From a 21st-century perspective, it seems extraordinary that a rock star announcing a new-found belief in Jesus could ever have been controversial. Most popular hip hop and R&B stars end their album acknowledgements with a thank you to God, and even alternative musicians with an interest in the darker side of life (such as Nick Cave) are vocal about their religious beliefs. Yet when Bob Dylan turned to Christianity at the end of the 1970s, it was seen by many fans as the most shocking thing he could possibly have done.
It’s strange to imagine a time when listeners identified quite so strongly with a singer, but Bob Dylan fans have always been alert to their hero betraying them. Whether it’s changing genre, hiding out in the countryside or simply releasing records they don’t like, many baby boomers often take things that he does as a personal attack.
Dylan’s response is simply to keep moving. But in recent years he and his management have returned to former periods to provide more context with new out-takes, unreleased songs, rehearsals and live recordings. The main outlet for this has been his Bootleg Series, the 13th volume of which – Trouble No More – has just been released.

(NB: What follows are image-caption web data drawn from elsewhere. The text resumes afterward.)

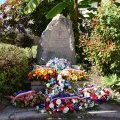 Image de l'article10381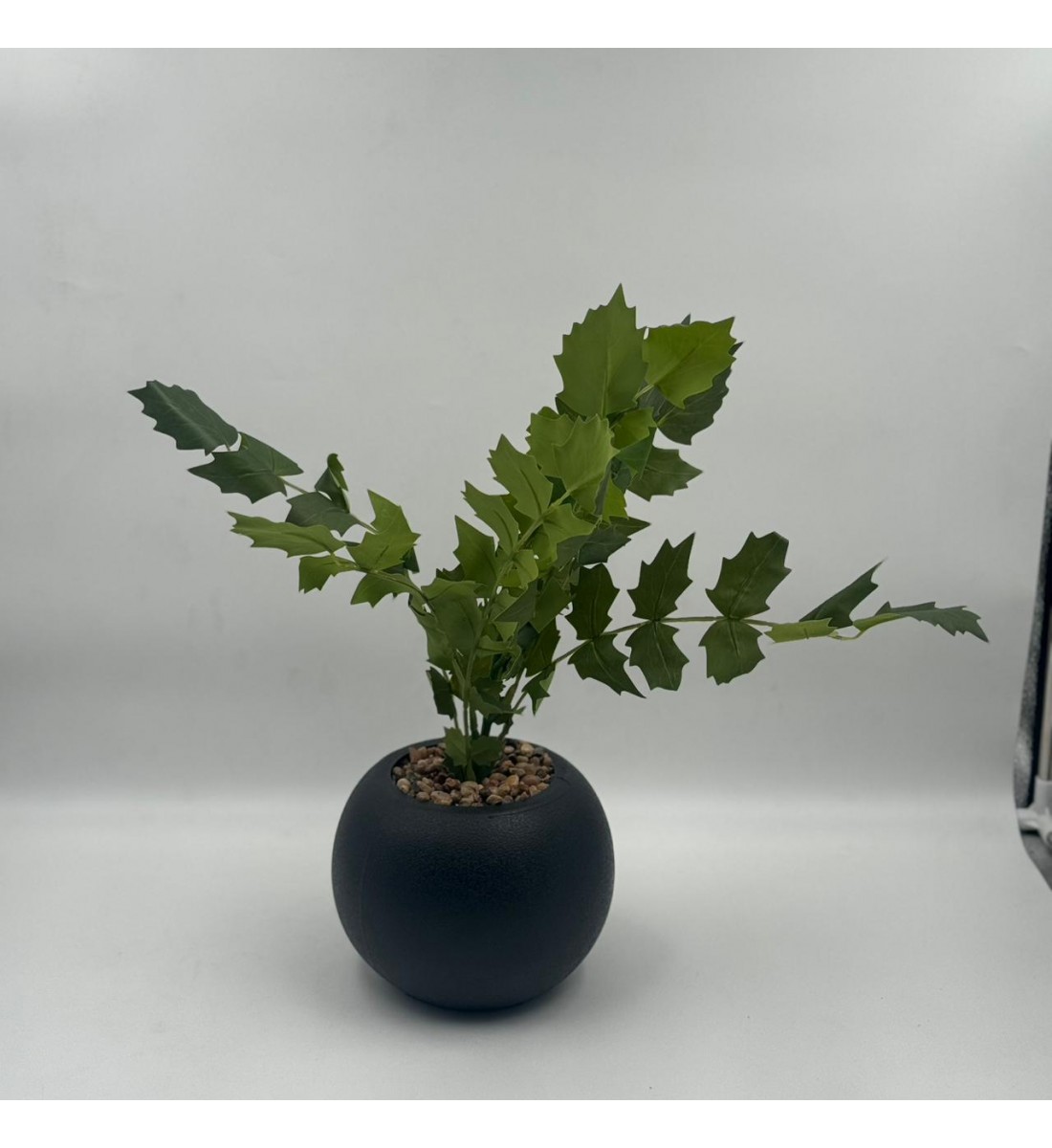 نبتة ديكور أنيقة بتصميم عصري بسيط، تأتي في وعاء دائري 50سم 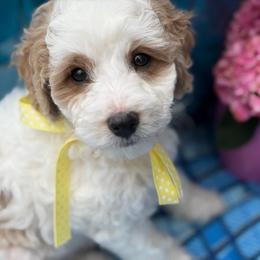Parsley - male Cavapoochon puppy in North Lawrence, Ohio from Liberty Pups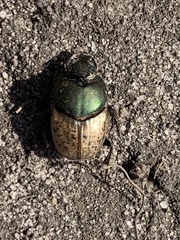 Onthophagus vacca
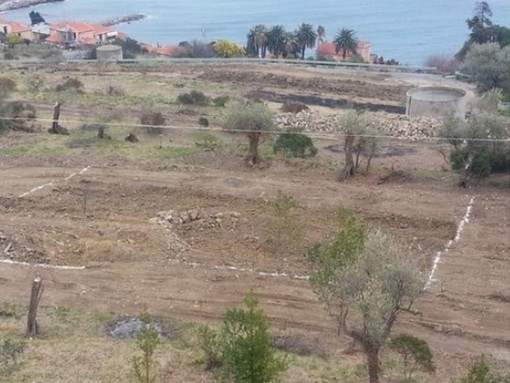 6 FEBBRAIO 1980. La Provincia offre 55 milioni di lire per l'Oliveto Sperimentale ma l'Istituto per la Floricoltura  ne vuole quasi il doppio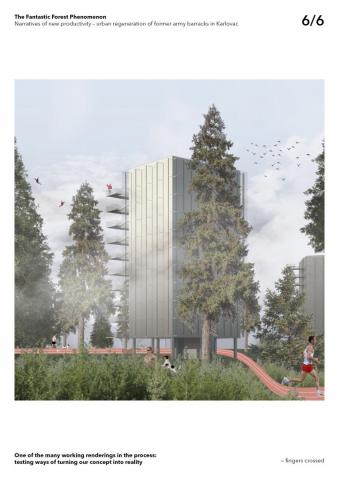 The Fantastic Forest Phenomenon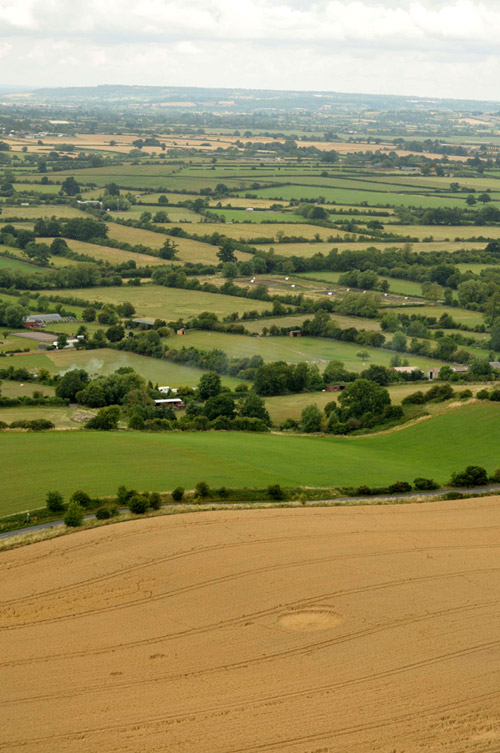 Westbury White Horse, Wiltshire crop circle, aerial photo 3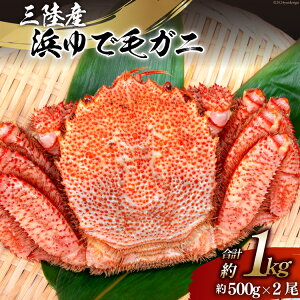yӂ邳Ɣ[Łz yԌ蔭z OYlŖуKj 500g×2 v1kg [X {錧 Cs 20564161]  CN OY O Jj I уKj т ъI {C l䥂 l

It tackles the period from 1979 to 1981, when Dylan put out three albums of largely Christian music: Slow Train Coming, Saved and Shot of Love.
The oft-told story of Dylan’s conversion to Christianity begins in San Diego in November 1978, when an audience member threw a silver cross onto his stage. He pocketed it, and the next day in an Arizona hotel room Dylan believed he felt Jesus put his hand on him and knock him over. Soon after he started attending meetings of a small Evangelical group known as the Vineyard Fellowship, a church later dismissed by the British journalist Neil Spencer as a “dumb Sunday school for addled cokeheads”. (Years later Dylan played four songs for Pope John Paul II in Bologna, who responded with a sermon based on the lyrics to Blowin’ in the Wind.)
Dylan’s conversion prompted not just these three albums, but also a series of tours where (at least to begin with) he played nothing but his new Christian songs, interspersed with apocalyptic “raps” that dismayed much of his old audience while delighting new followers.
Available in four LP, two CD, eight CD or (direct from his website) 10 CD versions, this new box set provides a fascinating way of revisiting the era.
Perhaps the most intriguing inclusion is a DVD entitled Trouble No More – A Musical Film. Rather than put the era in context with a documentary, Dylan has made the slightly strange decision to intersperse video rehearsal and concert footage with a series of sermons given by an Evangelical preacher played by the actor Michael Shannon. They were written by the Belgian author Luc Sante, inspired by themes given to him by Dylan.
At first the sermons seem to follow conventional doctrine, but as Shannon begins to rant about the moral perils of fast food, it’s hard to know whether we should read this as sincere or a knowing wink from Dylan to his audience about how hard-line he was during this period. Has he chosen an actor rather than a real hellfire preacher to encourage us not to take the more disturbing of the apocalyptic beliefs he espoused during this time seriously? Was the extremity of his persona always partly a put-on?
He certainly seemed sincere at the time. Some Dylanologists will no doubt find fault with the way the music is presented. The shows would often begin with a set from the gospel singers who accompanied Dylan onstage, and these are not represented here. Nor is there much of Dylan’s onstage sermonising. But it’s still essential. Slow Train Coming is a great album by any standard, among Dylan’s best. But the follow-up Saved is a weaker record. Songs that sounded great live failed to come to life in the studio, and anyone not put off by the music was horrified by the primitive cover. Shot of Love is far worse, and has been described by the Dylan scholar Clinton Heylin as an “atrocity”.
It’s the Saved tracks on this set that are truly revelatory, Dylan and his band tackling them with a ferocity that reveals them to be the equal of anything on the first religious album. And while the Shot of Love material is weaker, it’s still possible to put together an alternative version of the record that’s much more compelling than the official one. For the true believers, there are 14 additional unreleased songs, some of which will be familiar to fans (such as Ain’t Gonna Go to Hell for Anybody) but others, including Making a Liar Out of Me, have never been bootlegged.